= Grand Sky =

UAS-specific business and aviation park in North Dakota, USA.

Grand Sky is a UAS (unmanned aerial systems)-specific business and aviation park located at Grand Forks Air Force Base near Grand Forks, North Dakota. A groundbreaking for the development was held in September 2015, making it the first UAS business and aviation park in the U.S. The park consists of 217 acres and includes access to the Grand Forks Air Force Base runway for large UAS flights.

==Tenants==
Initial tenants at Grand Sky include General Atomics Aeronautical Systems and Northrop Grumman. Northrop Grumman was the first tenant to begin construction at the park. The company broke ground for a 36,000-square-foot facility in October 2015 to be used for research, training and operations. Northrop Grumman makes the Global Hawk, a large UAS that is also flown by the military at Grand Forks Air Force Base.

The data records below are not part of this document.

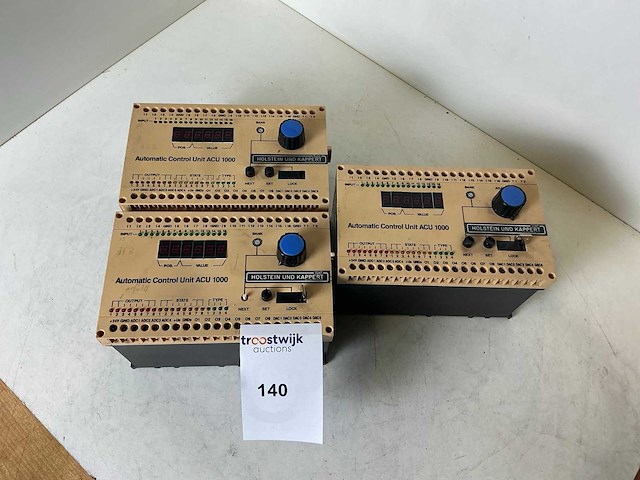 Holstein und kappert acu 1000 control unit (3x) - afbeelding 1 van  3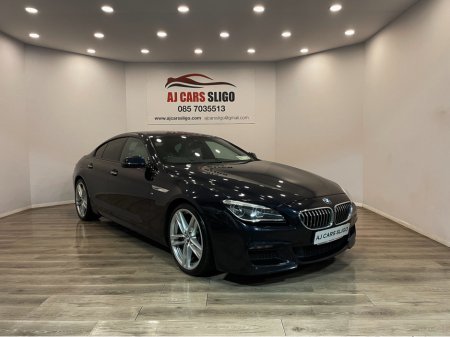 2017 BMW 6 Series 640D F06 M SPORT GRAN COUPE 4DR AUTO €21,950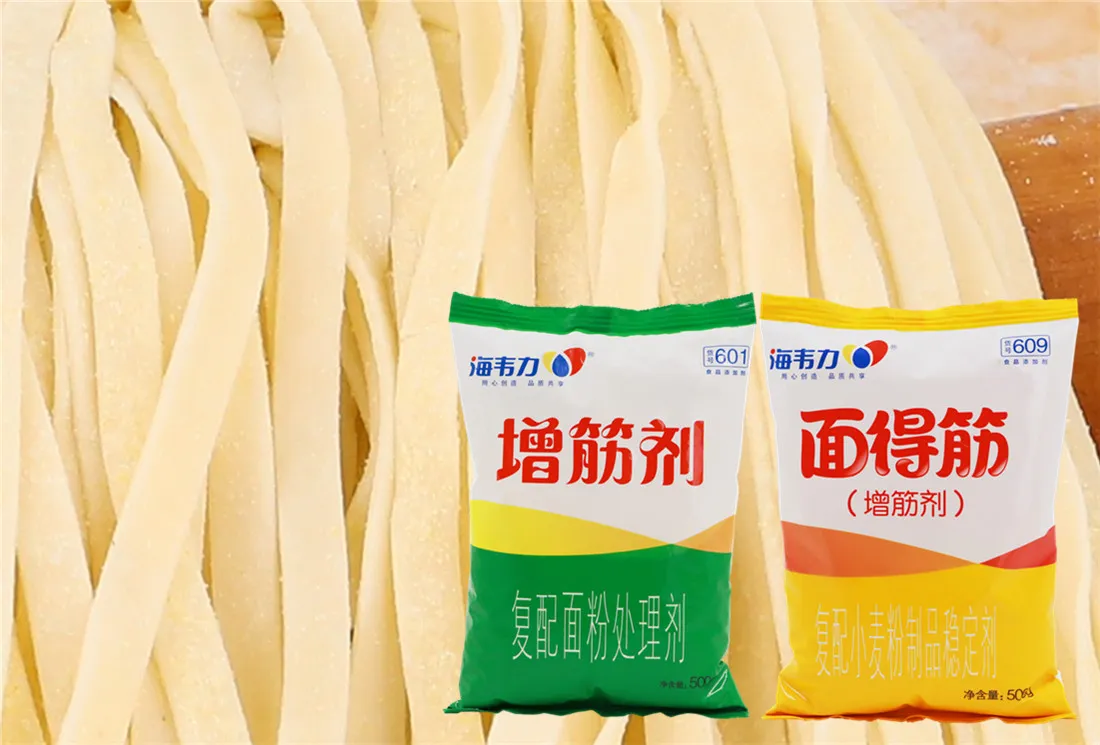 増筋剂，荞麦凉面的做法步骤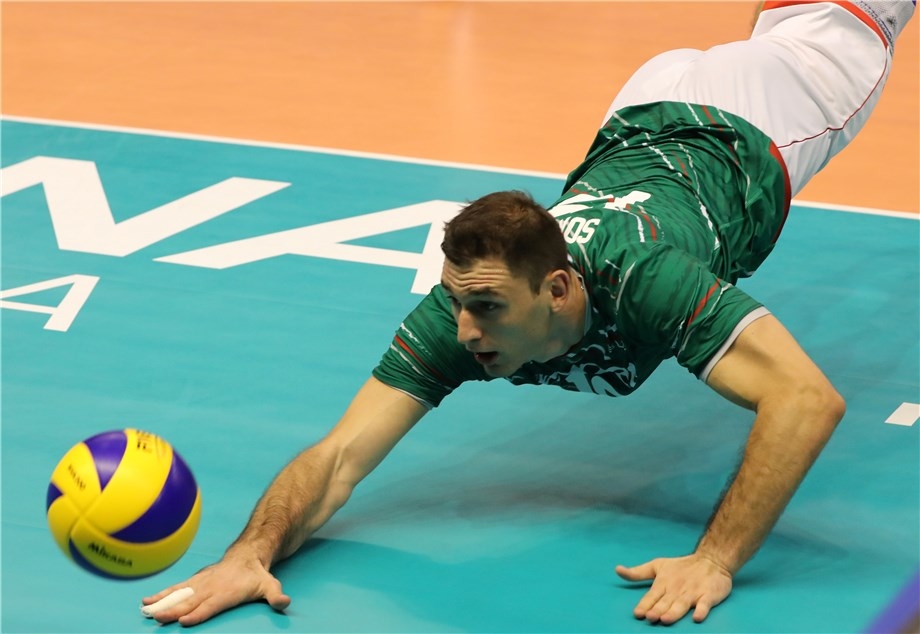 Звездата на националния ни волейболен отбор Цветан Соколов бе определен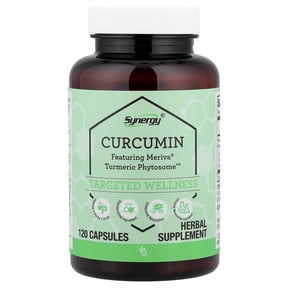 Vitacost Synergy, Curcumin, 120 Capsules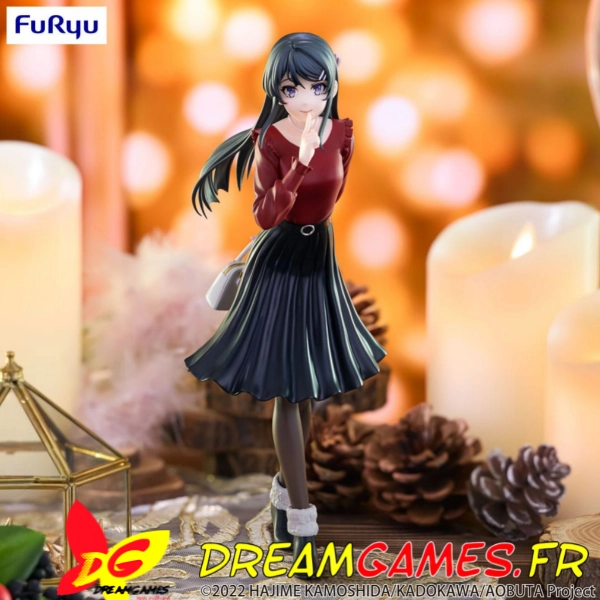 Figurine Mai Sakurajima Trio Try It Winter Outfit Ver.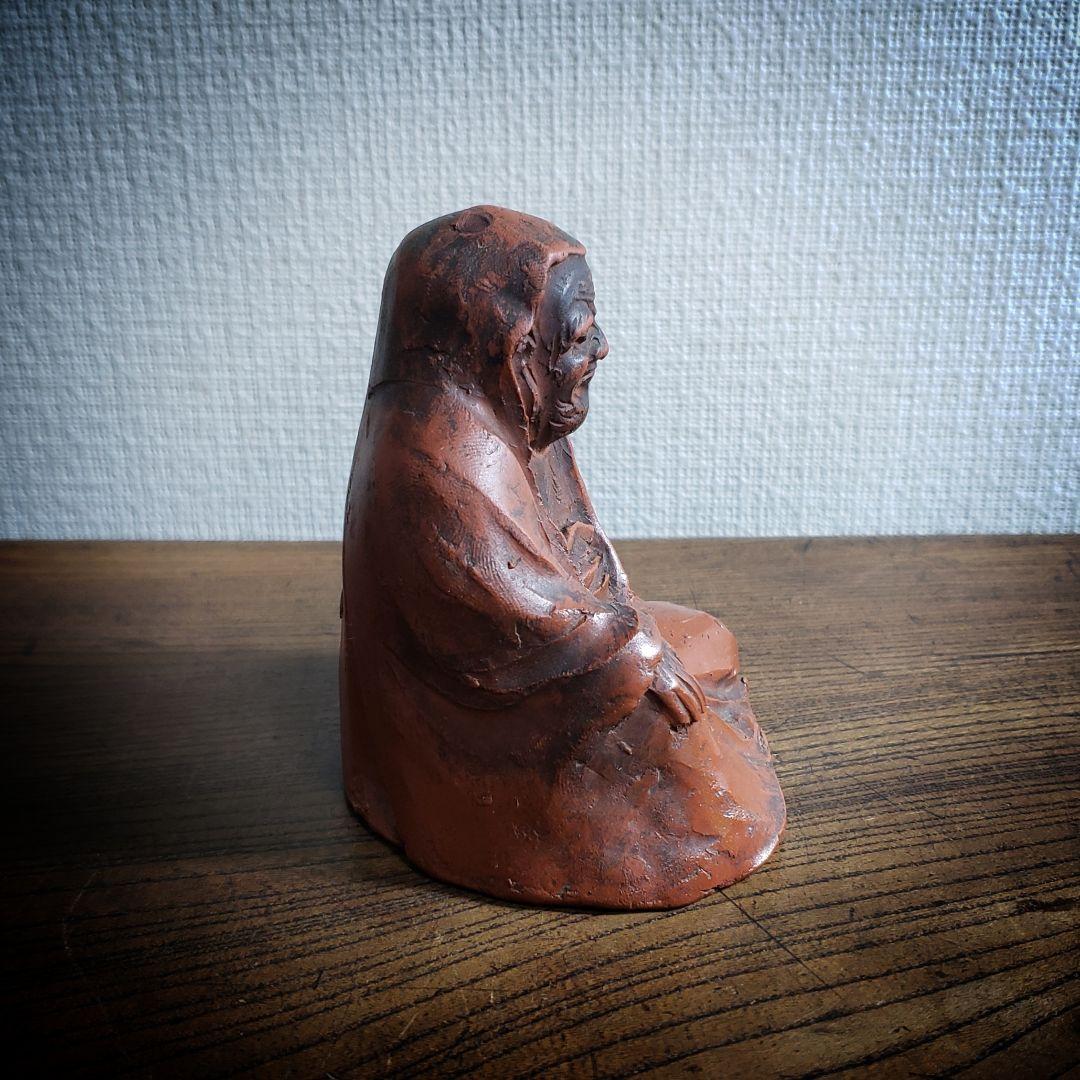 達磨　達磨大師　だるま　焼き物　人形　大正ロマン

General Atomics Aeronautical Systems conducted the first large UAS flight at the park, a launch and recovery of a Predator A aircraft, in July 2016. The company operates a UAS Flight Training Academy at the park and graduated its first class of aircrews on Aug. 12, 2016.

==Future development==
In December 2016, Grand Forks-based EdgeData LLC signed a letter of intent to construct a 16,000-square-foot data center at Grand Sky which will offer data storage for tenants at the park. Data collection and distribution is expected to be a significant factor in the commercial use of UAS.

Also in December 2016, the Federal Aviation Administration granted approval to the Northern Plains UAS Test Site to conduct beyond visual line of sight (BVLOS) flights from Grand Sky. It is the first location in the U.S. to receive approval for BVLOS flights and allows for greater support of testing, development and evaluation of UAS technologies.